Changing plant compositions can alter food web structures in coastal wetlands (Gratton and Denno 2005, 2006; Levin et al. 2006; Harvey et al. 2010); however, patterns of community change have varied widely. In coastal marshes in southeastern Australia, native plants (Juncus kraussii) are being replaced by a congener (J. acutus). This change is associated with a lower diversity and abundance of predators (Harvey et al. 2010). In the northeastern United States, P. australis has displaced S. alterniflora in many areas. Gratton and Denno (2005) found feeding guilds in marshes containing abundant stands of P. australis to shift from a roughly 2:1:1 predator-to-herbivore-to-detritivore ratio to a 1:1 detritivore-to-predator ratio, with changes being driven by altered plant composition and physical structure.
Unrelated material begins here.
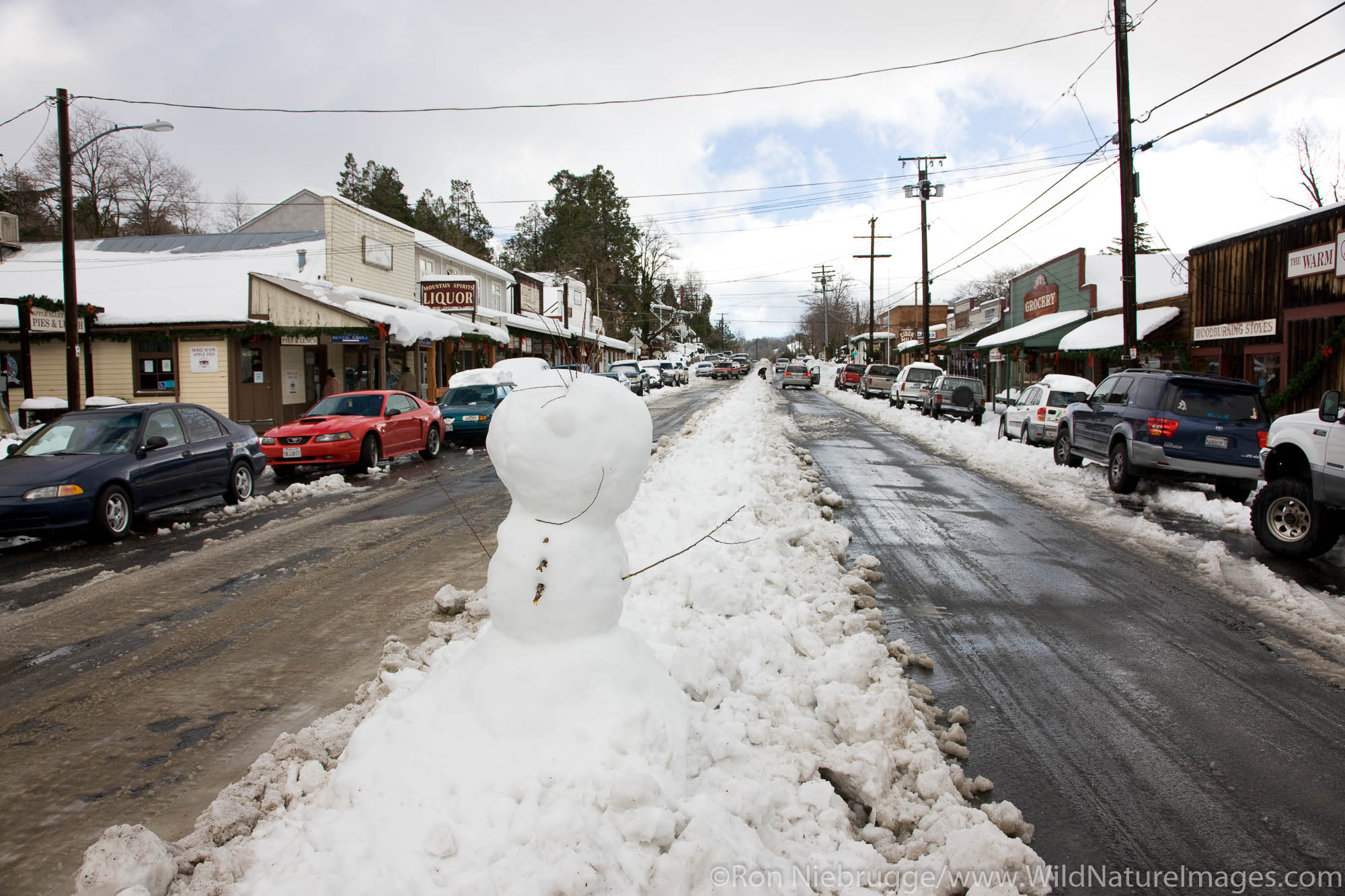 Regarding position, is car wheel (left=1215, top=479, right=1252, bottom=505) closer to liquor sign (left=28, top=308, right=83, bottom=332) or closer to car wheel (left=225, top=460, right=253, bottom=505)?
A: car wheel (left=225, top=460, right=253, bottom=505)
In our study, herbivores were the dominant guild in both the S. alterniflora and A. germinans habitat with the A. germinans dominated wetlands generally having fewer predators. The one exception to this is the inverted pattern found in fall mangrove sites. While it is possible that some environmental factor exists to explain this, for example, inverted biomass pyramids are common in aquatic systems (Wang et al. 2009), it is more likely that the dearth of fauna collected in fall mangrove sites has skewed the data. For example, only 18 arachnids were collected within these wetland types; however, this small number accounted for nearly 23% of individuals, and just under 52% of the total biomass.
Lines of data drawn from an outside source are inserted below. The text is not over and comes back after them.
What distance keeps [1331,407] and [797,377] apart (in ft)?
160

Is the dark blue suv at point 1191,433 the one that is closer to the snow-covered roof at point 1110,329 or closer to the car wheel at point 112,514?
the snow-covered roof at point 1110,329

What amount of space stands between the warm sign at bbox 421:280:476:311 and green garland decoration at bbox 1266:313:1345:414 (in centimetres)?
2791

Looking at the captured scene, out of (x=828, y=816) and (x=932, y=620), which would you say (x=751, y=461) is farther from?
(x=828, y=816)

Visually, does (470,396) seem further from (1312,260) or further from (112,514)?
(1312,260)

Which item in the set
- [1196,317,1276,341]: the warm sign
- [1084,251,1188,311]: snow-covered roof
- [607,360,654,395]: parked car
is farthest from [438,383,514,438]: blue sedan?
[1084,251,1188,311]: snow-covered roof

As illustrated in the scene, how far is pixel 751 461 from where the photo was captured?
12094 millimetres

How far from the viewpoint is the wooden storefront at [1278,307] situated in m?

Although mangrove encroachment may alter community and ecosystem traits, mangroves provide benefits inlcuding protecting coastlines from storm surges and rising sea levels (Comeaux et al. 2012), which salt marshes can do as well. Bianchi et al. (2013) found that A. germinans may reduce some effects of climate change by sequestering carbon. If the current trend of mangrove expansion continues, the increased area occupied by A. germinans would increase the overall levels of carbon sequestration in coastal wetlands (Bianchi et al. 2013), providing an invaluable carbon sink which could help reduce the levels of CO2 gas in the atmosphere. Based on this information, Bianchi et al. (2013) suggests implementing A. germinans planting programs to help increase the amount of carbon storage available in coastal wetlands. While the increased ability to sequester carbon is desirable, the possible consequences that may arise from a transition to mangrove forests from salt marsh habitat must be considered.
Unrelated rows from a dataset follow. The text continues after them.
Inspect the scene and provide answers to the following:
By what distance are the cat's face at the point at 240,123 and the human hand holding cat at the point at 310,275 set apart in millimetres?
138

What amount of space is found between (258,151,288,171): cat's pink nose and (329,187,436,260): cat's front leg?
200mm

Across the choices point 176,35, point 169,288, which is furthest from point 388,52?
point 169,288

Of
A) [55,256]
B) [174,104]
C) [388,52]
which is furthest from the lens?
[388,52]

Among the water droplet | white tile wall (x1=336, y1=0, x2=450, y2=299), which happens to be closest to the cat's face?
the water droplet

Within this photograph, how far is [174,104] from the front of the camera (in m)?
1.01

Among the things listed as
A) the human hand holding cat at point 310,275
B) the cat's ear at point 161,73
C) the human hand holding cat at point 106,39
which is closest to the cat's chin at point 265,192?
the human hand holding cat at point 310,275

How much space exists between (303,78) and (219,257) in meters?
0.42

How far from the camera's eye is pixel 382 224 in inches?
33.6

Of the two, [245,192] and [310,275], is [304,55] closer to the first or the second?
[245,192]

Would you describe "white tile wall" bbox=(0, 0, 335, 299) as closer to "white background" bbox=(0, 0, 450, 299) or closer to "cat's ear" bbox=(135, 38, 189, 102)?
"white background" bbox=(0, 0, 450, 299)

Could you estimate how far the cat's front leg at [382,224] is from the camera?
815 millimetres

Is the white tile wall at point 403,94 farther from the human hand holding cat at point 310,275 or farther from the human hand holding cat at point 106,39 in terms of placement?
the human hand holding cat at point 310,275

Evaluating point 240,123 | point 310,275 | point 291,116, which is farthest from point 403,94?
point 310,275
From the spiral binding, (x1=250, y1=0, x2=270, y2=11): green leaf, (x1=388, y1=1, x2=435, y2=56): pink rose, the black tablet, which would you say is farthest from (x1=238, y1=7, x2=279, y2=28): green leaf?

Avicennia germinans monocultures are replacing more diverse vegetation assemblages, and their presence has been associated with changes in insect community structure and changes in aquatic species composition (Diskin and Smee 2017; Smee et al. 2017). These changes may prove detrimental to coastal wetlands and the nearby ecosystems that rely on them. For instance, terrestrial arthropod species comprise a significant proportion of the diet of commercially important fish species in estuaries (Gray et al. 2002; Romanuk and Levings 2003) which further enforces the importance of wetland vegetation in estuarine food webs (Morley et al. 2012). This habitat loss is even more alarming when considered with other studies showing A. germinans presence adversely affects marsh nekton and benthic communities as well (Lunt et al. 2013; Diskin 2016; Smee et al. 2017).

This study provides insights into ongoing changes that are occurring in GOM estuarine wetland insect communities as A. germinans replaces native wetland plants. Future studies are needed to further elucidate the affect expanding mangrove forests could have on coastal wetland communities and food webs and the mechanisms by which these changes are occurring. Information gained would allow better action in the construction and implementation of future conservation policies and the management and restoration of coastal wetlands.